I like many of the ideas I hear here. So I hope something fruitful, simple and powerful, that all plays along comes out of it in the end.

ysbaddaden commented 8 years ago

Running 1 event loop per thread would tie a routine to a thread, with no means to resume it on another thread if a routine starts being less IO bound and more CPU bound.

Take Bcrypt for instance. It's CPU bound and it will block the event loop when computing a digest (it should have a cost of 1s or more to be secure), thus blocking all routines on the same thread whenever someone wants to login on your webapp. With a multithreaded event loop, they would be resumed on another thread —as long as they don't get all filled up with people login, that is :-)

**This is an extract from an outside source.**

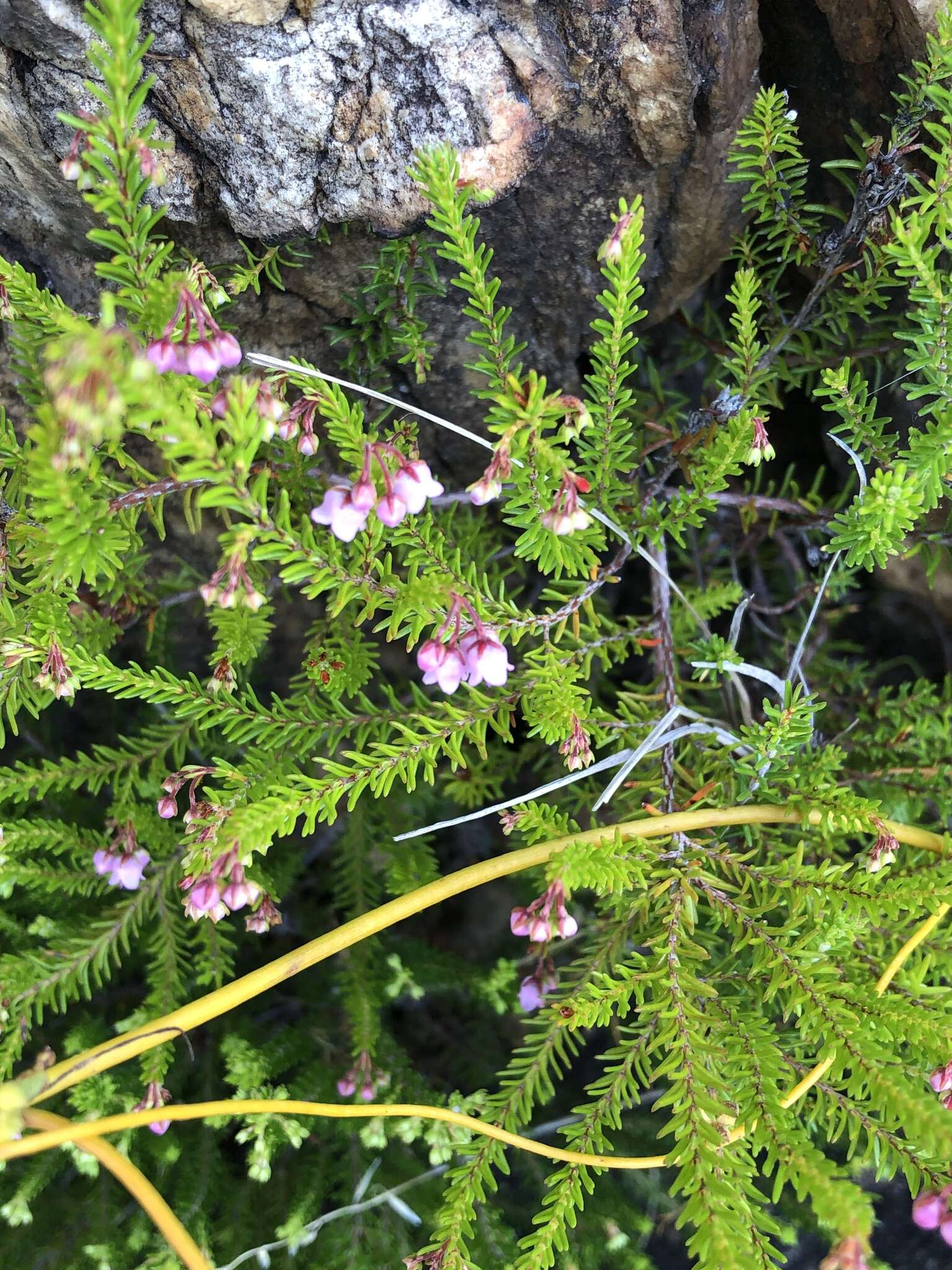 Image of Erica curvirostris var. curvirostris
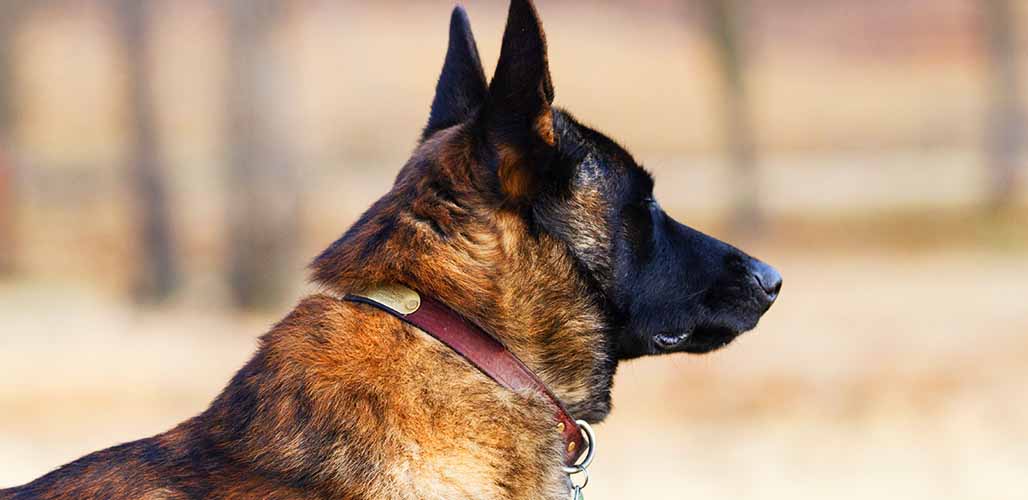 Are German Shepherds Ever Born Lokking Beinsle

stakach commented 8 years ago

@ysbaddaden that is a good example of why I think a dedicated IO thread would make sense. Removes the possibility of inadvertently blocking.

I guess the other reason I see an advantage in callbacks is that they can be scheduled on another thread, whilst fibers are pegged to the thread they were created on.

I am excited to see how threads are implemented @waj and also interested to see what impact offloaded IO has in terms of context switch overheads. I'll let you know once I have an example app

ozra commented 8 years ago

@ysbaddaden - thanks for clarifying! @stakach - looking forward to benches :-)

technorama commented 8 years ago

@ozra The first part of my proposal doesn't change the public API. Further phases add thread groups/pools and a simple API to create them or change the number of running threads (probably 3 new methods). I don't see any reason to turn the first few phases of the proposal down. It wouldn't harm future API changes as the API wouldn't change from it's current state.

ozra commented 8 years ago

@technorama - that is a good way forward in any event I'd think. The only costs are a few locks here and there I presume?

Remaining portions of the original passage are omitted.